AI can now help emergency dispatchers identify cardiac arrests. Source: Shutterstock.

AI can now help emergency dispatchers identify cardiac arrests. Source: Shutterstock.

Artificial intelligence to help dispatchers identify cardiac arrests

WHEN IT comes to new and emerging technologies, artificial intelligence (AI) has been quite the talk amongst business leaders.

With the right tools for deployment, AI can give just about any organization a huge leg up, supercharging business performance.

The health industry is no stranger to AI. It has already been revolutionizing the industry and saving lives.

For instance, AI-enabled predictive analytics can be used for early detection of illness and also support clinical decision-making.

Intelligent robotic process automation (RPA) has also been used to complete administrative tasks from end to end, freeing clinical staff up to do more value-added work.

Recently, it has been announced that just through emergency calls, AI is able to detect callers with cardiac arrests.

Research on this is going full steam in Australia. The Victorian government has just pledged AUD1.36 million (US$920,000) to the AI in Cardiac Arrest project, an initiative of Monash University in collaboration with Ambulance Victoria.

If successful, this technology will be deployed at scale in Victoria, and all Emergency Services Telecommunications Authority (ESTA) operating from the state will have access to it.

In an official press release, Victoria’s Minister for Health Jenny Mikakos said that this can save an additional 185 lives each year.

“We are always looking for new, cutting edge ways to innovate and deliver the very best and safest care […] In cardiac arrest, every second counts. With AI’s timely detection of a possible cardiac arrest, paramedics can get to the scene faster-reducing the chance of brain damage, giving them a greater chance of surviving.”

Simply put, the technology works by using a reservoir of information collected from past emergency calls to build a machine learning framework that deciphers conversations between a caller and the medical dispatcher.

It ‘learns’ how to recognize signs that point to cardiac arrest, and gets better at it over time as it learns from mistakes. With human dispatchers, the time required to identify cardiac arrests over the phone would definitely be longer.

There are also issues like background noise and confusing or conflicting information, further lengthening the process. AI has the potential to eliminate these issues.

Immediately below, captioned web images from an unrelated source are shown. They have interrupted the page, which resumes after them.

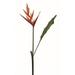 Heliconia-Bird of Paradise Garden Stem Artificial Flower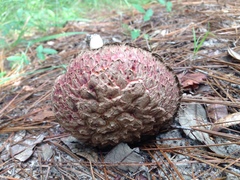 Boletellus ananas image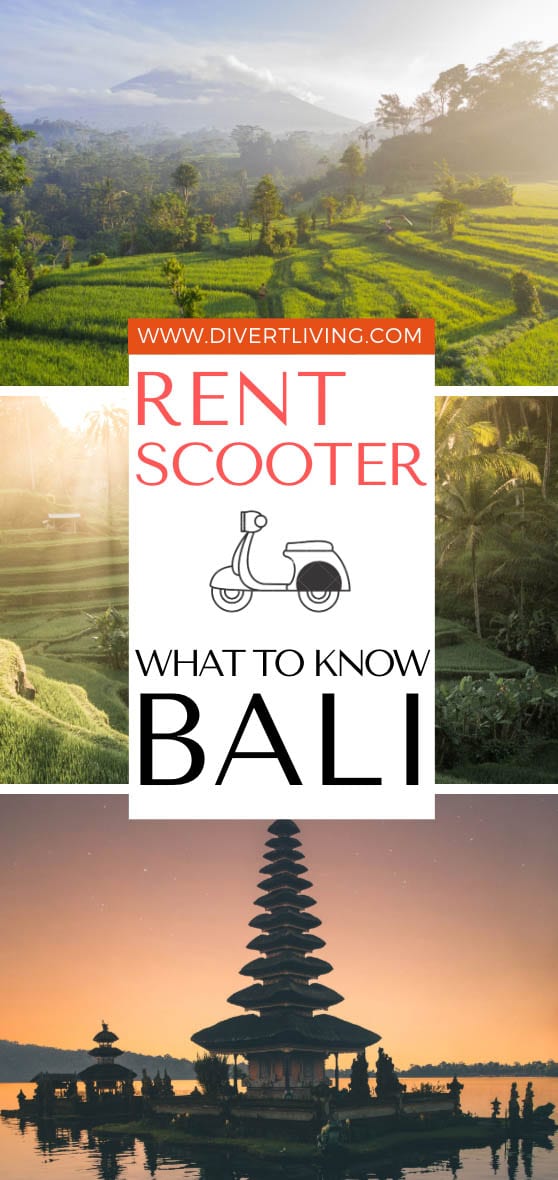 Renting A Scooter In Bali - A Start To Finish Guide! - Divert Living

By the looks of how rapidly AI is progressing in the healthcare field, it is only a matter of time before the widespread use of AI to ‘listen in’ to emergency calls becomes common.

Soon, it might even expand beyond cardiac arrests, and might very well be able to detect other life-threatening conditions over the phone.

While all these sound promising, experts, however, cautioned that it must be used to augment, and not replace human capabilities.

At the heart of healthcare, after all, is the people, and not technology, however advanced they are. It is the art of caring for humans, and humans will always be the best ‘channel’ to deliver it.